No, it's not a camera and darkroom stuff. That was my next maker phase.
No, it's not children (the hardest maker phase I've attempted).
No, it's not fabric, batting, needle, and thread.
No, it's not paint and brushes along with design software.
No, it's not HTML and java-scripting.

The latest tools I would need:
  1. Computer-aided design software. It's a natural next step for me considering the design software I've been using and the year I spent doing 3-D computer modeling in a past life. Any suggestions you CAD aficionados, for the Mac?
  2. 3-D printers "unlike mills and lathes, which make parts by removing material from a solid block of stock, 3-D printers make physical objects by adding material a little at a time...melting powdered metal or plastic into durable 3-D parts...or liquid polymer." How cool is that?!
  3. Arduino micro-controller. " connect input pins (sensors, say or buttons) and output pins (LEDs, motors, sirens, servos, and more.) Then use the free software to write a program that tells the outputs what to do with the input signals." Simple, versatile.
  4. Rapid-prototyping services. Hey, just like the service bureaus for designers in the late 80s. Somewhere to upload my designs and have them made of wood, plastic, rubber, or metals.
The wheels are turning!

Okay, wait, maybe I'm just enamored with the IDEA of being a maker.

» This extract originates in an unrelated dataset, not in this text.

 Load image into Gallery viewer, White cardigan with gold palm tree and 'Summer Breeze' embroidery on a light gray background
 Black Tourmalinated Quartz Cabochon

I credit a certain can-do maker attitude to a certain Algebra teacher in 8th grade, Mrs. Jensen. She told us she was an inventor. We giggled behind our hands at that. Why would an 8th grade Algebra teacher be teaching Algebra to us every day if she was an inventor?!

She would come to class all excited to tell us of this idea or that and again we would giggle. She told us of all the ideas she had first, that someone else had now made real. She constantly encouraged us to think new thoughts and not wait to act on them. (She also had an amazing talent for explaining a math concept in four or five different ways until everyone in the class understood in their own way.)

Looking back I see it as a defining moment in my life...that. has. laid. dormant. for. years.

Maybe it's time to jump start the little spark ignited by a Jr. High math teacher.

Or, maybe I'm just poised to start a new career considering where I am with the current one.

Or, maybe I'm just inhabiting my rich inner life with these new dreams.

Or, maybe just being curious is so satisfying. (I just recently picked a friend's brain regarding his e-Bay store of collectibles, how he goes to auctions, how he manages shipping, and how he's grown his business to almost a full-time pursuit.)

I love self-discovery. I love seeing what makes people tick, makes them (and me) whole, makes one feel well and happy. Somewhere in all these ramblings is the answer to the positive change I seek in my life.

Or, maybe I'll put my brilliant mechanical-engineer brother onto the idea and watch him create a second career! After all he had the same Algebra teacher!

What inspires you? And why aren't you acting on it?!


Cool links:
Wired's how-to wiki
How to make stuff videos

P.S. Related article: 3-D printing using sawdust


  1. I love this!
    I have a lot of why's right now, but I'm TRYING to act anyway. Biggest obstacles seem to always be 1. money and 2. expectations from my support system that leave very little room for error or failure. I'm not the least bit afraid to try and fail, but I am afraid of the disappointed condescending backlash I get from my family when I fail. A bit sad, isn't it?

  2. Because I'm too tired! But I WANT to be more creative and make more stuff (other than just making green oatmeal for St. Patty's day). But I agree...this was inspiring to read. It makes me want to dust off my design corner portion of my brain and let the creative juices flow! Thanks for the articles!